In the reply back from Ms. Winn, it should have been crystal clear to everyone, there is not enough communication and planning between the different departments, and yet we all know that land use policy ,especially, is interconnected.  I wasn’t necessarily expecting an answer to my question about the integrity of our watershed with the proposed data center development, but that that critical aspect to healthy sustainable communities is not a part of anyone’s conversation planning the future for our county is troubling, especially given the challenges we face with climate change. People are literally freezing to death and burning alive in their own homes to due extreme weather events, isn’t about we time we started approaching how we plan our communities in a holistic way, not just pay lip service?

Data Centers contribute as much carbon as the aviation industry. Did you know that? As long as government officials like you are willing to put the burden of the infrastructure costs on the back of citizens, nothing is going to change, the way to incentivize innovation in data storage that will benefit everyone, will have to be done by forcing these bulk load customers to pay their own way. Period. THAT is fair, THAT is equitable.

The climate resolution you passed isn’t worth the paper it’s written on if you worship at the feet of these tech companies.

The biggest, covering a million square feet or more, consume as much power as a city of a million people. In total, they eat up more than 2 percent of the world’s electricity and emit roughly as much CO2 as the airline industry. And with global data traffic more than doubling every four years, they are growing fast.

We all use data, but we ALL don’t participate in the profit. The people in Prince William County deserve to know what they are trading in your plan for data centers outside the overlay district.  What you are setting the stage for is that only data centers have value.  The ultimate result of your vision for this beautiful unique county is industrial blight.  There is NO compatibility with Data Centers in the rural area, or even in many places outside the overlay district.  You do understand I hope several thousand people engaged in the Amazon transmission light fight because at one point ten different routes were on a Dominion Map, and most of those were in the Development Area, just like the Carver Road Route.

Some people may not like me, they may not like the people in the community who feel it’s their right, or even their responsibility to engage in public policy that impacts their lives, but that will not change the facts on the record. For anyone who doesn’t understand the case, the line extension policy was being applied in a novel way and those who DO know the case, know exactly where that novel approach originated.

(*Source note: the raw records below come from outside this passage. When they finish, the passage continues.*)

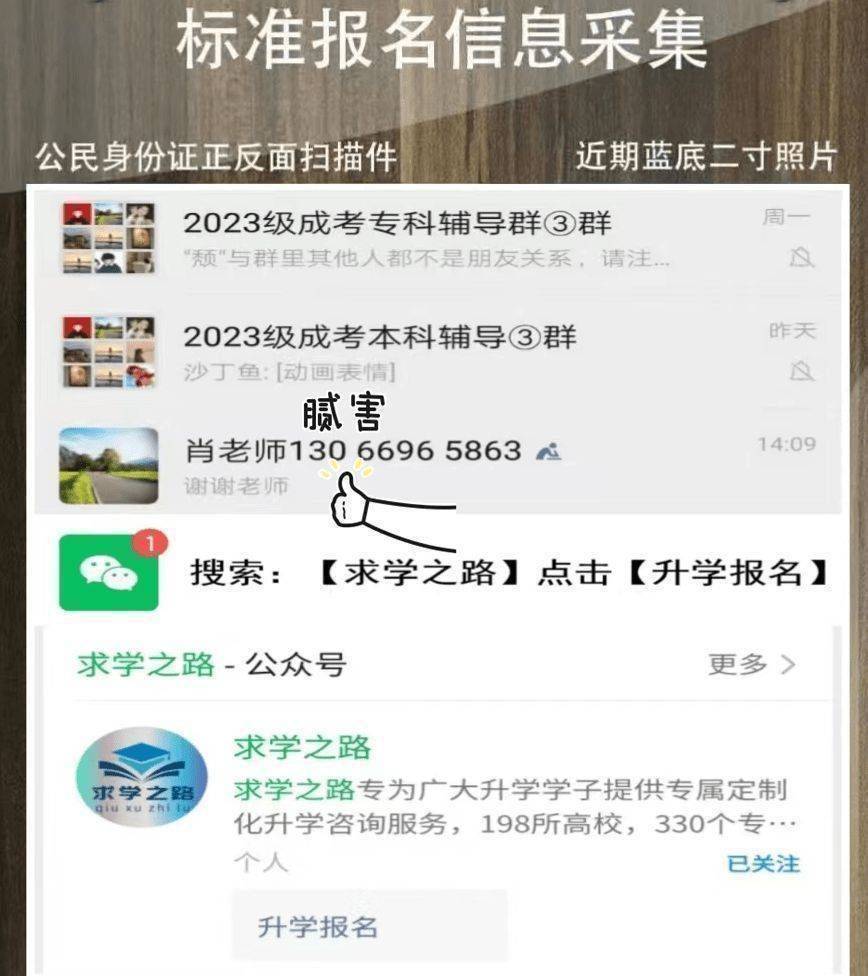 证券从业资格证视频(证券从业资格考试精讲视频)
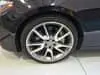 Florida Fine Cars - Used MERCEDES-BENZ E-CLASS 2019 ORLANDO AMG E 53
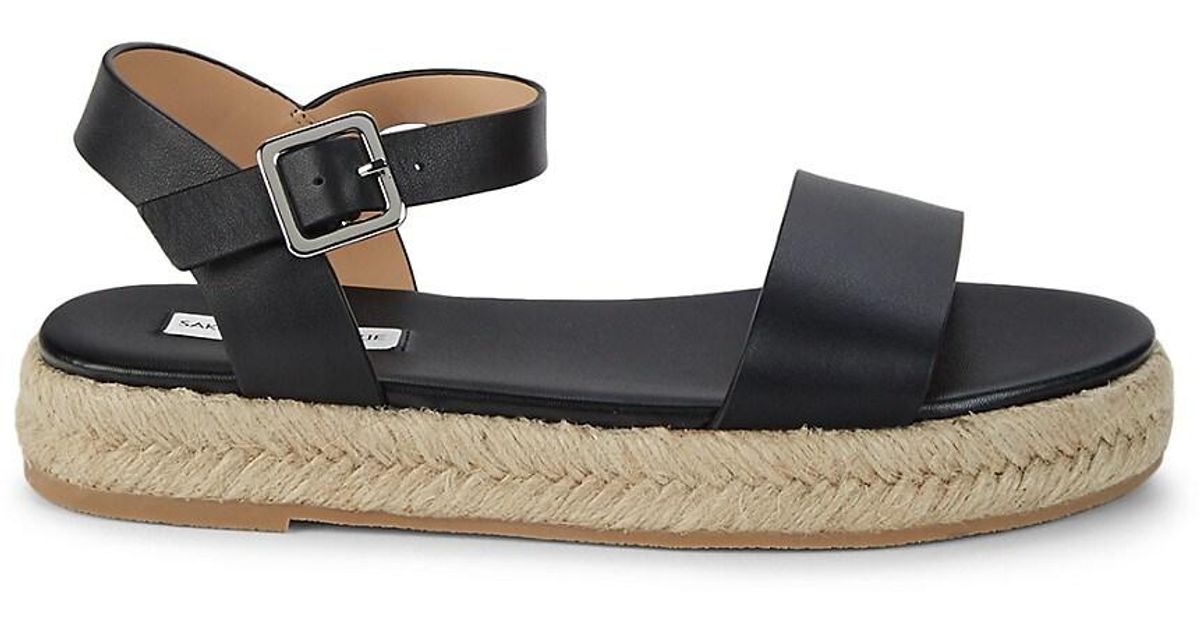 saks fifth avenue espadrilles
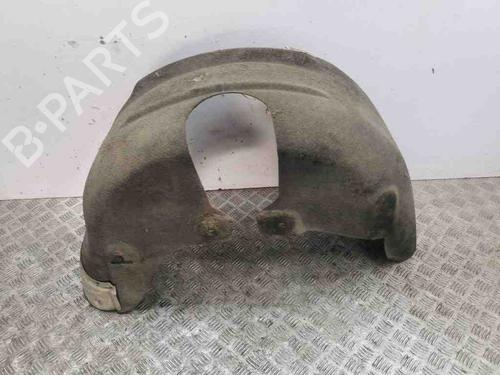 Radlauf für BENTLEY CONTINENTAL FLYING SPUR (3W_) 6.0 (560 hp) 28883205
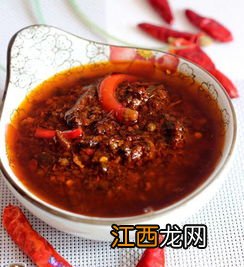 火锅麻辣底料怎么熬制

I certainly don’t remember Supervisors like Anne Wheeler running on a platform of industrial blight in the Rural Area, I must have missed that talking point. And anyone who believes you can trade industrial blight for conservation understands little to nothing about how sustainable conservation works. Please don’t treat the community like we are stupid and don’t suggest we are telling lies or crying chicken little. The facts say otherwise.

Is this our new motto in PWC?  “Come tour our beautiful national parks and open spaces but don’t mind all the transmission lines, substations and massive concrete buildings that are responsible for destroying our watershed”. Oh, I just had an idea, maybe we can PAINT murals on the sides of these concreate buildings of scenes of the environment that USE to be there…….

Life is about finding balance, passing an innovative long overdue AAOD is a farce and so is your climate resolution if you continue along this path of developing the rural area with data centers and high-density housing.